A recent Facebook post offering jobs at supermarket chain Shoprite has been flagged by users as potentially fake. We checked if it was another scam.
‘Wide range of positions’
The post said Shoprite was hiring workers to fill new positions. It linked to an advert on a website that claimed “a wide range of store-environment positions are also available in [Shoprite’s] continent-wide operations, including food, furniture and fast-food retailing”. (Note: The link to the website currently returns the error message that the “account has been suspended”.)
The advert told people to apply by dialling *120*446# on their phones. It included a link to the Shoprite Holdings careers website, which carries the same code
Shoprite not associated with site
But Shoprite told Africa Check they have “no association” with the site that posted the listing.

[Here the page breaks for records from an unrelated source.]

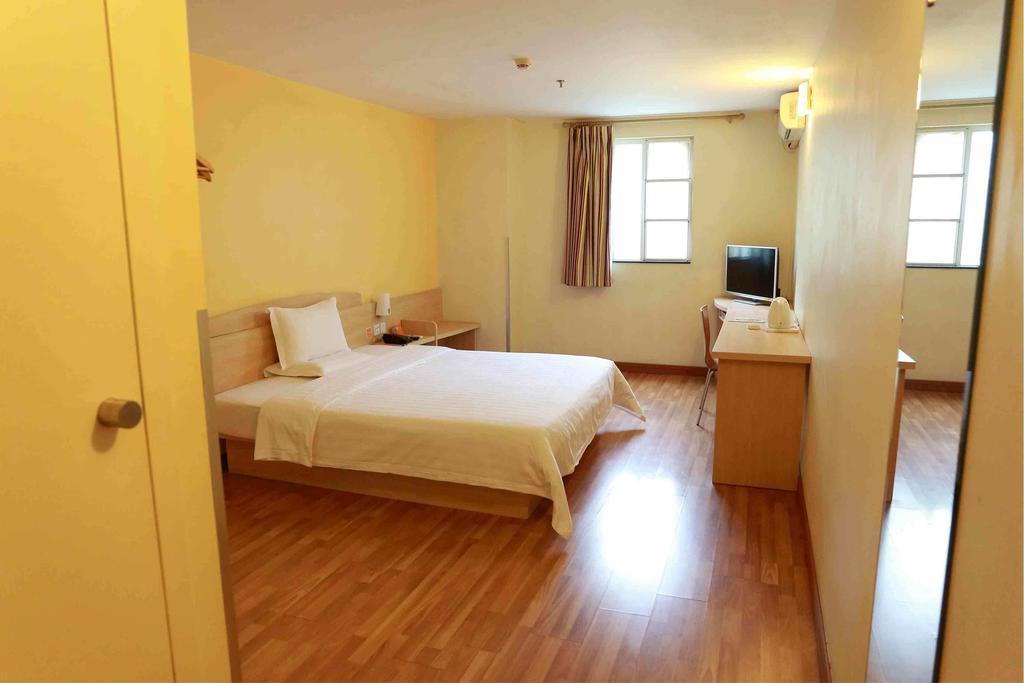 7Days Inn Wuzhou South Railway Station Cangwu Kamer foto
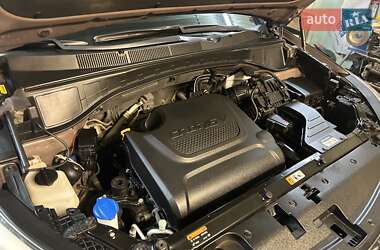 Внедорожник / Кроссовер Hyundai Santa FE 2013 в Гостомеле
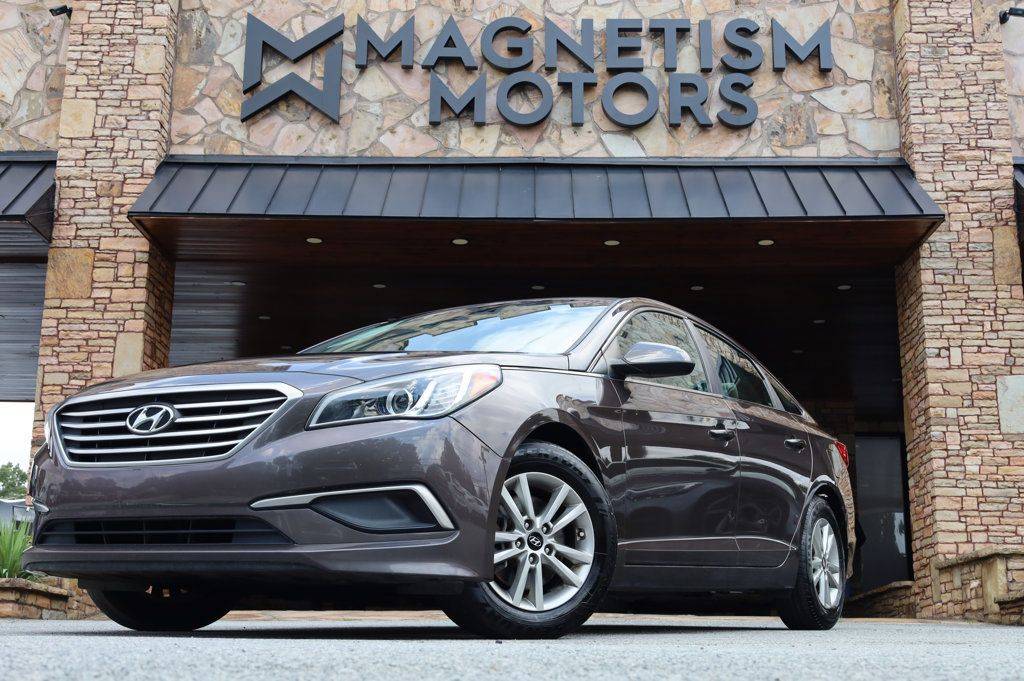 2017 Hyundai Sonata SE — Sedan — 94,155 mi — Lawrenceville, GA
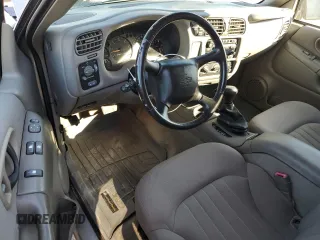 2004 Chevrolet Blazer LS z VIN 1GNCT18X94K116116, wystawiony jako Copart lot #42378015 z przebiegiem 112 272 mil mil oraz Czysty tytuł • Clean title. Historia ofert i sprzedaży dostępna na DreamBid. Obrazek 8.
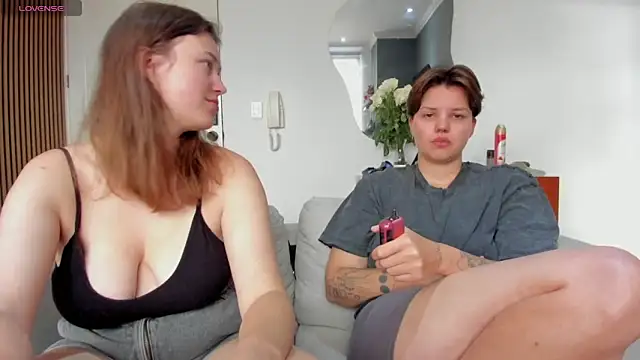 Snapshot of jessica_tenderly chatting on November 10, 2025, 2:33 pm jessica tenderly online show from November 10, 2025, 2:33 pm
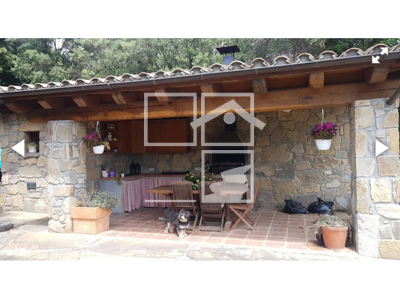 Local en Montagut Girona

The retailer said job seekers should only use their careers website, which has reliable and up-to-date information.
Shoprite also warned people to be wary of any advert that asked job seekers to pay an application fee.
How to check if a job ad is real
There are a few important things to look for in any job advert, says the MPC Recruitment Group, a recruitment company based in Johannesburg, South Africa.
“Credible job adverts should have a reference number indicated and a valid email address or contact number of the agent or company representative,” consultant Roxanne Oosthuizen told Africa Check.
“People can also call the actual firm and speak to their human resources representatives or internal recruitment team.” – Lloyd Hazvineyi (08/01/19)
Africa Check teams up with Facebook
Africa Check has partnered with Facebook to combat fake news and false information on the social platform. This fact-check is part of the initiative.
As part of its third-party fact-checking programme, Facebook allows its partners to see public articles, pictures or videos that have been flagged as potentially inaccurate.
Content rated as “false” by fact-checkers will be downgraded in news feeds. This means fewer people will see it.
You can help us identify fake news and false information on Facebook. This guide explains how.
© Copyright Africa Check 2019. Read our republishing guidelines. You may reproduce this piece or content from it for the purpose of reporting and/or discussing news and current events. This is subject to: Crediting Africa Check in the byline, keeping all hyperlinks to the sources used and adding this sentence at the end of your publication: “This report was written by Africa Check, a non-partisan fact-checking organisation. View the original piece on their website", with a link back to this page.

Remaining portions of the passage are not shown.